How do I delete logstash data by query

bigfootxxl · May 24, 2015, 12:45pm

Hello. I have some hosts that I need to delete all the syslog data of. So I try the query:
curl -XGET 'http://log:9200/logstash-2015.05.23/_query' -d '{
"query": {
"filtered": {
"query": {
"bool": {
"should": [
{
"query_string": {
"query": "host:vm*"
}
}
]
}
},
"filter": {
"bool": {
"must": [
{
"range": {
"@timestamp": {
"from": 1420116612709,
"to": 1432468230716
}
}
}
]
}
}
}
}
}'

That gives me
"took" : 63,
"timed_out" : false,
"_shards" : {
"total" : 5,
"successful" : 5,
"failed" : 0
},
"hits" : {
"total" : 2365117,

etc. some output. So I figure it got something and then I replace the XGET by XDELETE but it gives me:
{"error":"ElasticsearchIllegalArgumentException[No feature for name [_query]]","status":400}

Sorry if this a stupid question but I'm completely new to this stuff. How do I delete all the data from hosts host:vm* ?

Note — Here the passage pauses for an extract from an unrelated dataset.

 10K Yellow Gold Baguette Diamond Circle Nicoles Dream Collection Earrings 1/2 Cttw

dadoonet · May 24, 2015, 2:33pm

On which version?

It should work fine: https://www.elastic.co/guide/en/elasticsearch/reference/current/docs-delete-by-query.html

Are you really running that from the command line using curl?

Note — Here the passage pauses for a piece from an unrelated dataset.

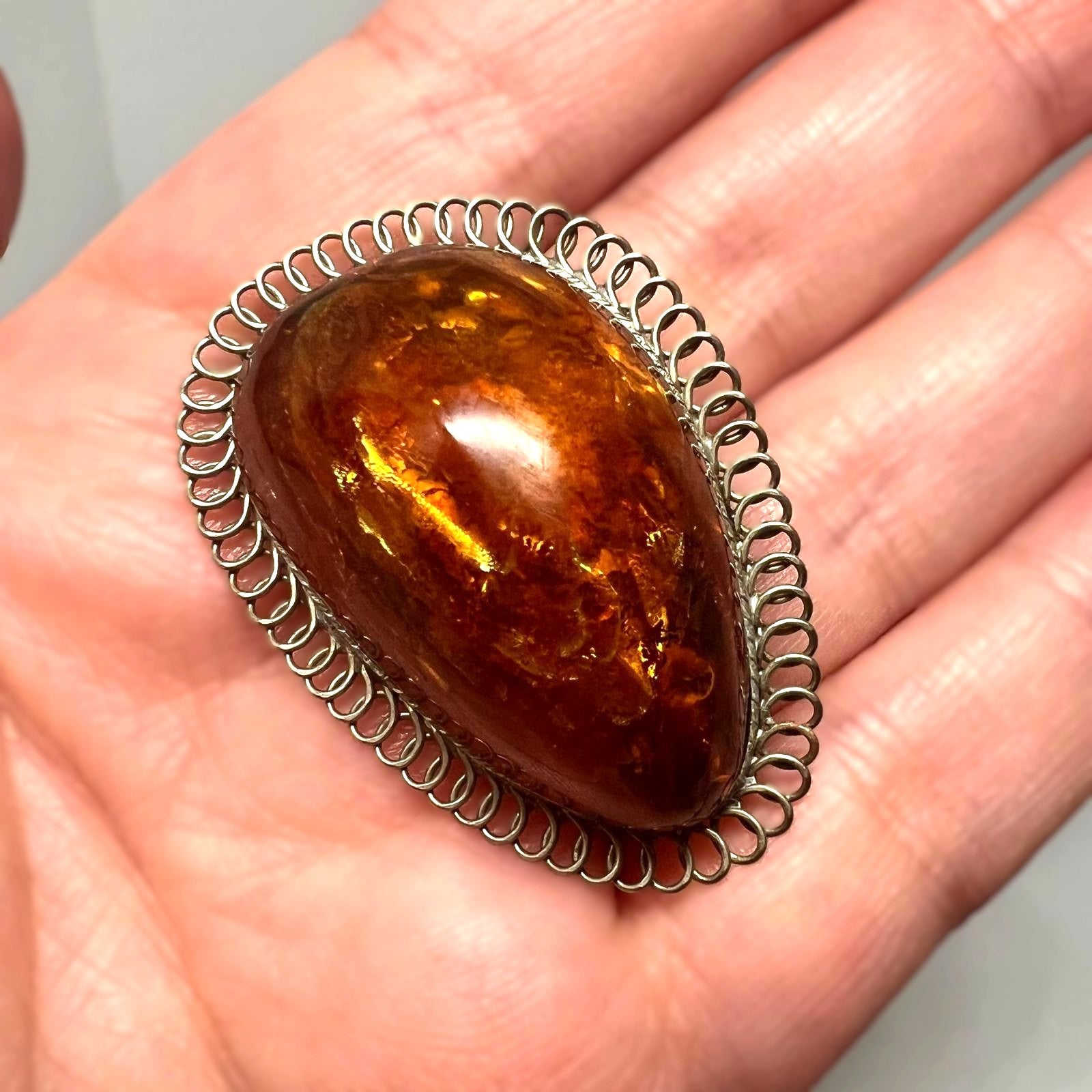 Antike Jugendstil Bernsteinbrosche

bigfootxxl · May 25, 2015, 6:50am

yes from command line. I have vresion 1.4.4. but I have 1.4.5 available through yum. Or will I need 1.5+?
Secondly: would the the upgrade work if I just add the 1.5 yum repo (https://www.elastic.co/guide/en/elasticsearch/reference/current/setup-repositories.html) and give the yum upgrade command?

bigfootxxl · May 26, 2015, 8:39am

I did upgrade to latest 1.5.2 but this method still did not work.... but I got this working: https://www.elastic.co/guide/en/elasticsearch/reference/current/docs-delete-by-query.html

and the key was not to use '*' in searches!